I state that I use TensorRT as an optimizer.
Thank you.

AastaLLL · February 14, 2022, 6:11am

Hi,

Would you mind sharing more details about your comparison?
Do you use trtexec?
Which model, precision and data format do you use?

It will be good if you can share a sample and model to reproduce the issue directly.
Thanks.

forflafor · February 15, 2022, 10:01am

Thanks for the reply.
For my tests I use the SSD-Mobilenet-V1 model, which already exists within the repository, within DetectNet. The overall size of this model is around 30.7 MB.
Using the GetNetworkFPS () function, on several videos, I get a certain inference rate.
Now, if I went to modify the model (SSD-MobileNet-V1) with a simplified version, having dimensions equal to 3.5 MB, the number of FPS returned is obviously higher than the previous ones. What I can’t understand is why I get more FPS on high quality videos than on low quality videos.
I state that TensorRT is used on both models (i work with “.engine” extension).
I am attaching an image in which the comparison is shown. The red bars indicate the FPS number of the larger model, while the green bars indicate the number of FPS obtained on the simplified model.
Videos (V) and webcams (W) have the following resolutions:

-V1: 240p_60fps.mp4,
-V2: 360p_30fps.mp4,
-V3: 480p_30fps.mp4,
-V4: 720p_30fps.mp4,
-V5: 1080p_30fps.mp4,
-V6: 1080p_60fps.mp4,
-W1: 720p_60 fps,
-W2: 1080p_30 fps

As for precision, I think it’s FP16.
I hope I have been detailed.

Thank you.

AastaLLL · February 22, 2022, 7:24am

Hi,

In general, the network input size is fixed on training time. (ex. 300x300 for SSD-Mobilenet-V1)
For each input resolution, the pre-processing will first rescale it to network input size for inference.
So the performance of a model usually depends on the size of the network mainly.

Based on your image, we expect the performance like the red one (large model)
Do you find any difference in the detected objects among the videos?
It’s possible that the performance is affected by the rendering steps.

Thanks.

forflafor · February 22, 2022, 7:34am

Thanks for the reply.
The results I showed you are obtained without using the following commands:

$ sudo nvpmodel -m 0
$ sudo jetson_clocks

After executing these commands, the results obtained are totally different.
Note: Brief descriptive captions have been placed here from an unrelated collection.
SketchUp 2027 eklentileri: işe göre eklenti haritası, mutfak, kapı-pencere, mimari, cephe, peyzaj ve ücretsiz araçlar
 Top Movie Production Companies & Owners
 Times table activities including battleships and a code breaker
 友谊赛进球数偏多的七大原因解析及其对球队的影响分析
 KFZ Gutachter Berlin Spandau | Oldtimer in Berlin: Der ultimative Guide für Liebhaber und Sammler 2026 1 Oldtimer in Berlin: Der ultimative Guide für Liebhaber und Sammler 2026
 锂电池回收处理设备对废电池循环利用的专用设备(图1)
On each video I get an increase of about 280% compared to the number of fps obtained on the large model.
How come I get a similar result on different quality videos?

Thank you.

AastaLLL · March 10, 2022, 7:34am

Hi,

Thanks for the update.

That’s because the network size is fixed. (ex. 300x300)
So for the different input videos, the first step is to downscale the resolution into the network size.
(ex. 1080p → 300x300, 720p → 300x300)

Since the main computational part comes from the inference.
The executing time will be very similar on the same input network resolution.

Thanks.

system · March 30, 2022, 5:48am

This topic was automatically closed 14 days after the last reply. New replies are no longer allowed.